Re: LANG= for character-mapping
Albert Lunde wrote:
>At 8:09 PM 7/23/96, Hans van Mourik wrote:
>>Hello to you internationalisationisers,
>>I would like to know how the HTML LANG-attribute should be linked
>>up to a particular character-set. In fact what I'm looking for is an
>>HTML-equivalent for the TEI ``writing system declarations''.
>>Are there any thoughts about such a thing?
>It is my impression that the intention of the various HTML and HTTP drafts
>that have addressed this is that "language" and character encoding (a.k.a.
>MIME charset) are, so to speak, "independent variables". In the general
>case, neither determines the other. There are different HTTP headers for
>charset and language.
Exactly. In addition, LANG can be changed inside the document to
make multilingual documents possible. MIME "charset" is the same
for the whole document, without any problems.

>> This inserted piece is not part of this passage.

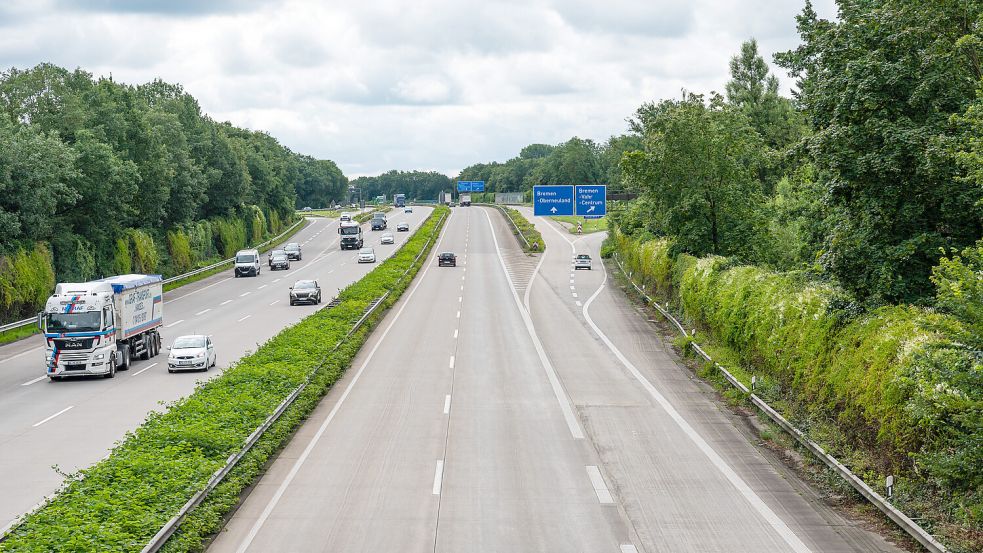 In Bremen haben zwei Personen einen Stein von einer Brücke auf ein Auto auf der A27 geworfen. Foto: imago images / Werner Lerooy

>It's been a while since I read the TEI documents.
>Taking a look at them it, appears that the "writing system declaration"
>(1) the language
>(2) the writing system (script, alphabet, syllabary) used to write the langage
>(3) the coded character set, entity names, or transliteration scheme used
>to represent the graphic characters of the writing system.
>There is stuff defined in HTML and HTTP specs that addresses (1) and (3)
>independently, but not much is said about (2) or the combination of the
>Perhaps someone wiser than me about the TEI can say more.
Not that I am wiser about TEI, but I understand now a little bit about
"writing system declaration". (2) is not a problem at all, it is very
evident from the ISO 10646 characters in which scritp they are.
As for (3), TEI has a much different range of applications than HTML.
For example, transliterations may be very important because of
the possibility of including texts that have already been input
with some transliteration method. In the context of the WWW,
transliteration was also discussed, but mainly in the context
of helping a user that knows the language but not the script.
This is largely a client-side issue. As for character encoding
in general, HTML relies on HTTP and MIME in this respect, which
is very reasonable for an internet application, whereas TEI
had to or wanted to define its own stuff.